I want to use skim inside a function. The function accepts a string vector which identifies which columns to skim. Example:

library(skimr)
n <- 10
foo <- data.frame(pin = rnorm(n), deltap = rgamma(n, 1), t = runif(n), name = letters[1:n])
selected_columns <- c("pin", "deltap")

I want to apply skim to pin and pout only, but their names are passed as strings. How can I solve this? This is an example of the function I’d like to use:

skim_on_selected <- function(x, selected_columns){
  skim(x, selected_columns)
}

Of course this is not going to work. Also, I’d prefer to use ..., like in

skim_on_selected <- function(..., selected_columns){
  skim(..., selected_columns)
}

But I can accept a solution where the number of parameters in input to skim is fixed.

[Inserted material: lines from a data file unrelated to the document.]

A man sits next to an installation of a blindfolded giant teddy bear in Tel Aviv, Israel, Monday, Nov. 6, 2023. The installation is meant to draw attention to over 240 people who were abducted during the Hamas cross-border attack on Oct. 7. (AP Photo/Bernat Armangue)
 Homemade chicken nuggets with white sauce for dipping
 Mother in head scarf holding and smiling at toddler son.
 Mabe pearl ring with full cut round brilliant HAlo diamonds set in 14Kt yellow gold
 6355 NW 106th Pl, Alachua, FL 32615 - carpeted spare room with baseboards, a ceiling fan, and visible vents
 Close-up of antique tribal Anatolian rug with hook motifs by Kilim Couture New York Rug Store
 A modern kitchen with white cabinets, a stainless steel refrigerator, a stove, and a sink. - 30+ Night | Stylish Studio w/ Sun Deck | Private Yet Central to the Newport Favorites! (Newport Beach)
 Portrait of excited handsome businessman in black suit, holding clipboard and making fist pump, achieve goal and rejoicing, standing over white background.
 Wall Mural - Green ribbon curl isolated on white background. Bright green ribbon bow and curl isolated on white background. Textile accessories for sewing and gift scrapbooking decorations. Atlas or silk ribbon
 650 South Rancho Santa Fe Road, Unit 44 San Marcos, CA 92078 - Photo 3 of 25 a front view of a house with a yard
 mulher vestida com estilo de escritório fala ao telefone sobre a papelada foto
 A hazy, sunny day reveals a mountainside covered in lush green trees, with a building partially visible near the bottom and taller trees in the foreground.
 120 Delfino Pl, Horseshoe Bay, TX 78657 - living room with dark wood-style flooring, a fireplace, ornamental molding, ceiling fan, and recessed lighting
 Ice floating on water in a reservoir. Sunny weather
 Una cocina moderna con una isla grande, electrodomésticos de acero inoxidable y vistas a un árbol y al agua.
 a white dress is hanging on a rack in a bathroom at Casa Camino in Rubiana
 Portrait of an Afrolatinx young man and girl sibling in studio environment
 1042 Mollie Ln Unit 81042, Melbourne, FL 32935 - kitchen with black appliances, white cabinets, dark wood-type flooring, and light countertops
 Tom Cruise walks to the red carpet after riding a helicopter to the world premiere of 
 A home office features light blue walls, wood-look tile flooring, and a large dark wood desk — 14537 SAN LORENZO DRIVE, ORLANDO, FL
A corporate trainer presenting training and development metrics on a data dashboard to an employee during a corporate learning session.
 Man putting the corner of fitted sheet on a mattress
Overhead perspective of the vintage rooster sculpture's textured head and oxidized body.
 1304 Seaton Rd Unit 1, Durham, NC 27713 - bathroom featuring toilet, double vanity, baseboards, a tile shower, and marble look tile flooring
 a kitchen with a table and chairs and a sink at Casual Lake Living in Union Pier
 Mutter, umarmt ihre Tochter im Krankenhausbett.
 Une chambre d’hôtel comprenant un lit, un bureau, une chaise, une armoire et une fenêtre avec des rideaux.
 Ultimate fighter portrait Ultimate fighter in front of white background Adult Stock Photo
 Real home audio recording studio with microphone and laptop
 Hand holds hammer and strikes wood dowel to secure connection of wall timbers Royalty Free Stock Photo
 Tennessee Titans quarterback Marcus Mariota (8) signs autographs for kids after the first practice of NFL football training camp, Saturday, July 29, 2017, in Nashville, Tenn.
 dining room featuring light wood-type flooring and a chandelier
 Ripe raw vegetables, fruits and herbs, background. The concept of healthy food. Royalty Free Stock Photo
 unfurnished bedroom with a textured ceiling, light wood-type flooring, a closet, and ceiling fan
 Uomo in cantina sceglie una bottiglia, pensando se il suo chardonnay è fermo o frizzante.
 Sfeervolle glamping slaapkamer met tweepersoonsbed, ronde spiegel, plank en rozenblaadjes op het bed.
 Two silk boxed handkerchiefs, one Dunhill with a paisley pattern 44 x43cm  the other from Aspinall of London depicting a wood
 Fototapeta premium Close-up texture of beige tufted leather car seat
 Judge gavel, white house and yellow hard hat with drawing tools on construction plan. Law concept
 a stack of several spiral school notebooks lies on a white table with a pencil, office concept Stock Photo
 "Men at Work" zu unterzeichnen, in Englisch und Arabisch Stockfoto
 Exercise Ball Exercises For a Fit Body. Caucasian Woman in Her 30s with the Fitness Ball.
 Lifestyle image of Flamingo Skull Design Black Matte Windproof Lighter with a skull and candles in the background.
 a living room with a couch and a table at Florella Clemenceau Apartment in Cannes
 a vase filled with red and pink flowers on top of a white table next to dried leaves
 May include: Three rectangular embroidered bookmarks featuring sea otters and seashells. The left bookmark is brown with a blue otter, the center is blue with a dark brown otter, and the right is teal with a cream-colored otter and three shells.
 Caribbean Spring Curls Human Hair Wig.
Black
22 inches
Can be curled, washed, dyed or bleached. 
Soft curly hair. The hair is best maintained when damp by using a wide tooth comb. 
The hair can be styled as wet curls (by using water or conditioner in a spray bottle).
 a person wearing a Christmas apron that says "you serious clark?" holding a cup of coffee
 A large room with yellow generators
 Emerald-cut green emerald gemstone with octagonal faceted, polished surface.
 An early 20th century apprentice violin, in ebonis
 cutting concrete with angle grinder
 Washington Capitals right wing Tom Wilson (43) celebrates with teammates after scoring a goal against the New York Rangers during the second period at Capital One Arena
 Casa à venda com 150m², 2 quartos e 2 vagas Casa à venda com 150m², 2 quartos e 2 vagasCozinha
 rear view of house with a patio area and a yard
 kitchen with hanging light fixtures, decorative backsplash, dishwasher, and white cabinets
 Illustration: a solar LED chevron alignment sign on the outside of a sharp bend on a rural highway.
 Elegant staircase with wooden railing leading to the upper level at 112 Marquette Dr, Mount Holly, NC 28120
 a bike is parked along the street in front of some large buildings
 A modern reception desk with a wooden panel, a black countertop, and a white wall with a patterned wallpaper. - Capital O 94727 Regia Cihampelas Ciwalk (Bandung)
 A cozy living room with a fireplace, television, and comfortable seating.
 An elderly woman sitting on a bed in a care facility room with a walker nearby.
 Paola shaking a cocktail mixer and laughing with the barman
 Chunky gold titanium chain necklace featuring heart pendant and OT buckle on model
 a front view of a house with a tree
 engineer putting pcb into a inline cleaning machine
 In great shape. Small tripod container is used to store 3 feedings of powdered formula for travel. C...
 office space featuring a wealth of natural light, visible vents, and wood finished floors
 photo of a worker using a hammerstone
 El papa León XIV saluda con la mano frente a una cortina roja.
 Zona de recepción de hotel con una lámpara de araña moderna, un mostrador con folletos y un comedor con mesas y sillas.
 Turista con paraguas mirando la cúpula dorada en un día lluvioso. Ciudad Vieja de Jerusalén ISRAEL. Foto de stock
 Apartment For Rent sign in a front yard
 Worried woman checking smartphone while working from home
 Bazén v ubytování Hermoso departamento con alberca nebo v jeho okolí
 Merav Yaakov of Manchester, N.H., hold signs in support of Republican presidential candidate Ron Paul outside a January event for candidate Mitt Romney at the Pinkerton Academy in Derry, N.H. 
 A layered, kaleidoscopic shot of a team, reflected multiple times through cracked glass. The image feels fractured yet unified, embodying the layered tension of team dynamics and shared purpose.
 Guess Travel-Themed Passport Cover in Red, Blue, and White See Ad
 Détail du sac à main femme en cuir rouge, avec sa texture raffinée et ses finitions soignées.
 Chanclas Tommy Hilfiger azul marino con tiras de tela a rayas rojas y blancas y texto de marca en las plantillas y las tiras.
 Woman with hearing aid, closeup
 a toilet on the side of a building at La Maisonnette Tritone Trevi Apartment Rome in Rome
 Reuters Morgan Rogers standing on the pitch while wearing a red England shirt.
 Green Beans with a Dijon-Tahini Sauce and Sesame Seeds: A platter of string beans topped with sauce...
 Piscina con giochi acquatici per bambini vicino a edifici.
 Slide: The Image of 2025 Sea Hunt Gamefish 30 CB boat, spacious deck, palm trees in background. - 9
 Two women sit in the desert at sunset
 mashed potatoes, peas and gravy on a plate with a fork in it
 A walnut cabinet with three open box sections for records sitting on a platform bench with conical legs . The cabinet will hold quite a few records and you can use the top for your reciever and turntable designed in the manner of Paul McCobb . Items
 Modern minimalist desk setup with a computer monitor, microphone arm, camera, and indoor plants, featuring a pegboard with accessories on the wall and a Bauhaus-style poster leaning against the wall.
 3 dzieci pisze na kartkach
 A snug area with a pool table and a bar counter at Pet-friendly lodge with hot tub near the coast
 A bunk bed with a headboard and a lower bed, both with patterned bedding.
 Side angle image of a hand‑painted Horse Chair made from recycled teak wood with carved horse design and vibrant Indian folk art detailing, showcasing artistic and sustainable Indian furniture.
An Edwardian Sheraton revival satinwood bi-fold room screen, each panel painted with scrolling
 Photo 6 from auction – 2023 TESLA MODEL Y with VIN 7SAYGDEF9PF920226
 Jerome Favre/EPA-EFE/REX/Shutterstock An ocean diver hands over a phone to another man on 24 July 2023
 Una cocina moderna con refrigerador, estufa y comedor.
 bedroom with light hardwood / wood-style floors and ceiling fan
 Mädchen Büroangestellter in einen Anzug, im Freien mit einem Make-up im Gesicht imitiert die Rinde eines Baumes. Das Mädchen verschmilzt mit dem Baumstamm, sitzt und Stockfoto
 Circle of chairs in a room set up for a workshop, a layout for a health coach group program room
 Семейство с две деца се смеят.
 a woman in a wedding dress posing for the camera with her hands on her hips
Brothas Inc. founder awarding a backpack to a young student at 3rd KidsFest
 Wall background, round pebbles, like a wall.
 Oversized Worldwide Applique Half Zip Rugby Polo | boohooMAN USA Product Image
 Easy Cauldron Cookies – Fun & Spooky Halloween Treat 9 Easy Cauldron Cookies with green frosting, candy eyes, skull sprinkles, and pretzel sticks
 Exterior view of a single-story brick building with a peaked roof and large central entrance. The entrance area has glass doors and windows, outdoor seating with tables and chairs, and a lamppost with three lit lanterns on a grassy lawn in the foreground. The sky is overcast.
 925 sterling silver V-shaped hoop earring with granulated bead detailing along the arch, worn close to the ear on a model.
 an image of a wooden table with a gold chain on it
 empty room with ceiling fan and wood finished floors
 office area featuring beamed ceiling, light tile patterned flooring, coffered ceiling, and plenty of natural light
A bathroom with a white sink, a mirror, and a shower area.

NOTE: I guess that in a sense this is a question more related to tidy evaluation, than specifically to skimr, but hopefully you can help me anyway :slight_smile:

ping @elinw @michaelquinn32 thoughts?

Why not this?

a<-c("Sepal.Length", "Petal.Length")
skimr::skim(iris[a])
2 Likes

Why not, indeed :grin: sometimes we need others to help us see things that are right in front of us. Thank you @elinw!

Hi Andrea!

Sorry for the delay.

You can also use rlang to select the columns that you want.

library(skimr)
library(rlang)
cols <- c("Sepal.Width", "Petal.Length")
skim(iris, !!!cols)

You might also consider writing your function to pass along a ... argument, which would then play nicely with all of dplyr’s select helpers (which we support).

my_skim <- function(data, ...) {
  skim(data, ...)
}

my_skim(iris, dplyr::starts_with("Sepal"))

I hope that helps. Please let me know if there is more that I can do.

1 Like

@michaelquinn32 this is even better! I prefer passing a my_skim function to the function my_fun which has to use it, rather than modifying my calling function to pass a “reduced” dataframe to skim, because I then pass my_fun to sapply and apply it to a list of files…I would select your answer as “closed”, but I cannot see a tick-box below your answer.

On second thoughts, I can do the same with @elinw answer (create a my_skim function to pass around):

my_skim <- function(data, ...) {
  skim(data[selected_columns], ...)
}

Good to have options, anyway! Thanks to both for helping!